I'm pretty sure he'd be straight into the temples of the money lenders, turning their tables over and kicking their arses for the sin of usury. We can be certain that Jesus was no fan of banks and financial services.

On the pro-life debate, Jesus seemed pretty sympathetic towards mothers and the choices they want to make with their own bodies. Basically, the bible's pretty clear that other people's unborn foetuses and fertilised eggs are none of your goddam business, as explained in this passage from the bible:

"As you do not know how the spirit comes to the bones in the womb of a woman with child, so you do not know the work of God who makes everything" -- Ecclesiastes 11:5

Most telling of all, the bible contains this passage:

"[an aborted foetus] does not enjoy life's good things, and also has no burial, I say that an [abortion] is better than [an unwanted child]... [that] has not seen the sun or known anything" -- Ecclesiastes 6:3-5

Jesus would have one thing to say to those pro-life people who harass poor women who are trying to get into abortion clinics: "he who is without sin among you, let him first cast a stone at her". In other words, who the fuck are you to judge? Who the fuck are you to intimidate a poor frightened woman who's faced with an incredibly difficult decision? Jesus would be pretty mad about supposedly Christian people, acting with so little compassion and forgiveness.

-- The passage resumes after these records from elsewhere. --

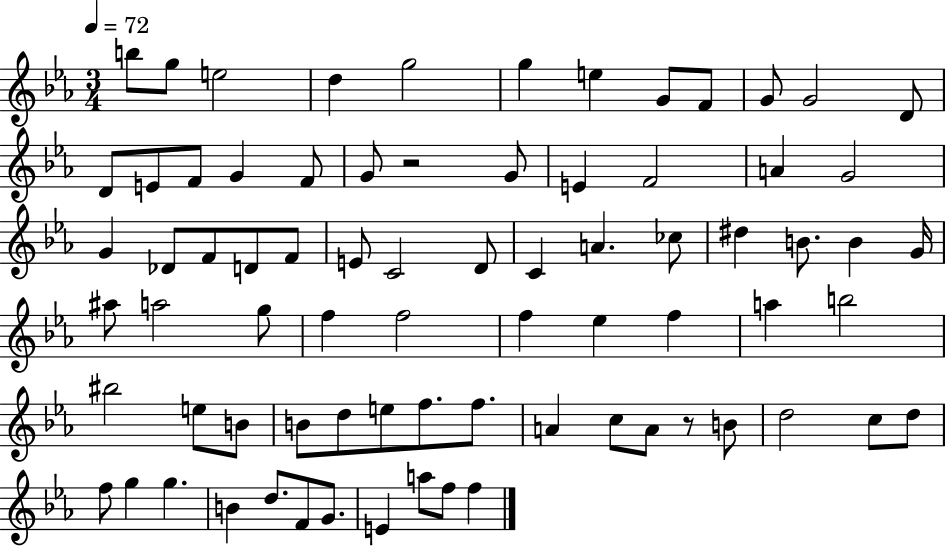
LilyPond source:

{
  \clef treble
  \numericTimeSignature
  \time 3/4
  \key ees \major
  \tempo 4 = 72
  \repeat volta 2 { b''8 g''8 e''2 | d''4 g''2 | g''4 e''4 g'8 f'8 | g'8 g'2 d'8 | \break d'8 e'8 f'8 g'4 f'8 | g'8 r2 g'8 | e'4 f'2 | a'4 g'2 | \break g'4 des'8 f'8 d'8 f'8 | e'8 c'2 d'8 | c'4 a'4. ces''8 | dis''4 b'8. b'4 g'16 | \break ais''8 a''2 g''8 | f''4 f''2 | f''4 ees''4 f''4 | a''4 b''2 | \break bis''2 e''8 b'8 | b'8 d''8 e''8 f''8. f''8. | a'4 c''8 a'8 r8 b'8 | d''2 c''8 d''8 | \break f''8 g''4 g''4. | b'4 d''8. f'8 g'8. | e'4 a''8 f''8 f''4 | } \bar "|."
}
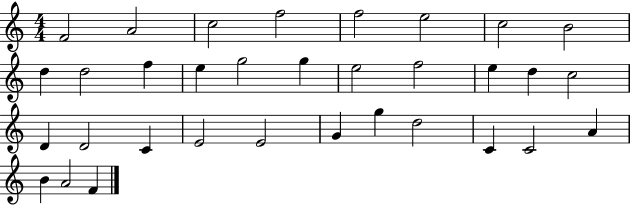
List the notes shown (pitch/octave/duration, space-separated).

F4/h A4/h C5/h F5/h F5/h E5/h C5/h B4/h D5/q D5/h F5/q E5/q G5/h G5/q E5/h F5/h E5/q D5/q C5/h D4/q D4/h C4/q E4/h E4/h G4/q G5/q D5/h C4/q C4/h A4/q B4/q A4/h F4/q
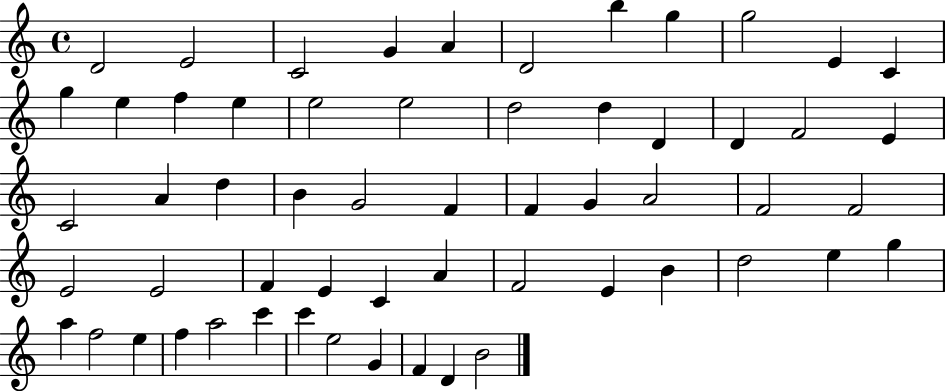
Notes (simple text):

D4/h E4/h C4/h G4/q A4/q D4/h B5/q G5/q G5/h E4/q C4/q G5/q E5/q F5/q E5/q E5/h E5/h D5/h D5/q D4/q D4/q F4/h E4/q C4/h A4/q D5/q B4/q G4/h F4/q F4/q G4/q A4/h F4/h F4/h E4/h E4/h F4/q E4/q C4/q A4/q F4/h E4/q B4/q D5/h E5/q G5/q A5/q F5/h E5/q F5/q A5/h C6/q C6/q E5/h G4/q F4/q D4/q B4/h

All this Islamophobia and anti-refugee sentiment would certainly piss Jesus right off. He would be angry as fuck about the way that the wealthy West is slamming the door in the face of refugees they created, through bombing and drone strikes. What part of "thou shalt not kill" didn't you understand? What part of "love your neighbour as you love yourself" got mangled into "look after your own"?

How dare Theresa May - an alleged Christian - and Donald Trump, leader of "God's own country" carry on in such an unchristian manner. There isn't an ounce of Christianity in these greedy megalomaniacs, who care nothing for the poor and needy.

I'm an atheist by default, because my scientific studies have answered questions and provided truth that makes all religious faith look like a mental illness, but the sentiment - the morality - of Jesus Christ is perfectly relevant, and a useful guide for us all when thinking about how we should treat one another.

I'm never going to become some born-again Christian, repent my sins and start banging on about The Bible, but when I weep at the cruel, callous, greedy, selfish and inhumane leadership demonstrated by British and US politicians and business leaders, I do sometimes think we need a decent human being as a moral beacon for us all. Aspiring to be like the fanny-grabbing billionaire bigot Donald Trump is going to be a rocket ride straight to a metaphorical hell.

Religion has been perverted by a clergy who've lined their own pockets and committed atrocious acts of paedophilia, as well as other abuses of power. We can reject religion, while also saying that Jesus Christ sounded like a pretty cool dude. The world would be a better place if we all tried to be a bit more like Jesus: a bit more Christian.

I really don't give a fuck what fictitious character we decide we love and want to emulate - perhaps Robin Hood? - but reality TV idols and wealth worship has taken us to a terrible, terrible place.

This is obviously written from my hospital bed, where I'm a bit loopy from kidney failure and painkillers, but I hope my writing is still reasonably cogent. All I can tell you is how I cry and cry and cry when I read the news right now, because the action of our leaders doesn't match their rhetoric about peace, compassion and care for the poor and vulnerable.